There’s no easy solution, but …
There’s no easy solution to burnout, but some of the questions on the Maslach survey offer hints about how we might try to inoculate ourselves against burnout. The questions in the survey instrument circle around a few ideas that really feel meaningful:
- Do you have a relaxed atmosphere with your students;
- Do you think the the work you do is worthwhile; and
- Are you working too hard.
These things have nothing to do with the content we teach and everything to do with the culture we create. I think these three ideas hold the key to keeping burnout at bay.
Teaching is personal
I remind myself about those three positives ideas all the time. Is class relaxed enough that we can chat now and then as we work? Are the kids better off at lunch because we spent an hour together this morning?
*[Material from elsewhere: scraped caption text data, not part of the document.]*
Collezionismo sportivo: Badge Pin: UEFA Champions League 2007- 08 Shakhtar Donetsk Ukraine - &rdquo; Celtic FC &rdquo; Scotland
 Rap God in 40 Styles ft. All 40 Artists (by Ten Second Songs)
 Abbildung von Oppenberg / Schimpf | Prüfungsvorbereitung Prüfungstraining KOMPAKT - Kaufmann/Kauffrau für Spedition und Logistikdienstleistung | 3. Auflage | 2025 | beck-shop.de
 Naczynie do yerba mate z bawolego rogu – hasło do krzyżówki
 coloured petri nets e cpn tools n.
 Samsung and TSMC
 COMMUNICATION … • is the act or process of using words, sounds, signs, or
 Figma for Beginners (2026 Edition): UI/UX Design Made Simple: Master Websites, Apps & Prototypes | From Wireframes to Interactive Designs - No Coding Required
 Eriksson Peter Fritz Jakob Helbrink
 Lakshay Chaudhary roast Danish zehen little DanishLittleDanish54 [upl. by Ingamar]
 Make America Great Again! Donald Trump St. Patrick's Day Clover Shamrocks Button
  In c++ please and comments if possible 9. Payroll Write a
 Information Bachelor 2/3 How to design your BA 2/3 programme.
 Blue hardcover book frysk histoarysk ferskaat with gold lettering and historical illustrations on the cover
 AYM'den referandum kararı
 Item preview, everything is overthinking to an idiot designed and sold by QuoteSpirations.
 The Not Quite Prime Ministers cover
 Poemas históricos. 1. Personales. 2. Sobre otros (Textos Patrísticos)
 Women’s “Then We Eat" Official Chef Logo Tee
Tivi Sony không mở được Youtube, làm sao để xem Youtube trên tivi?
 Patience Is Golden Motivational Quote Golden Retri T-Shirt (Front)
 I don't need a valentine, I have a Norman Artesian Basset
And am I still doing things I enjoy outside of school? Asking the questions lets me evaluate how I’m doing and keep me thinking positively about this career I almost always love. I recommend them to you as well (or at least your own personal variations).
Some of the other questions on the survey instrument have a more negative feel. How often do you feel used up, emotionally drained, stressed out, and insensitive. These aren’t as fun to think about, but we have to ask ourselves these questions as well. Think of them as trip-wires – ways to check in with yourself and make sure that we stay out of the World Health Organization’s definitional sight lines. We may never take Maslov’s survey, but a good self-check can help us decide what’s next. Is it burnout? Or will tomorrow be better? The care we take today helps make sure more of the tomorrows go our way. And if it’s burnout, so be it. That’s worth planning around too.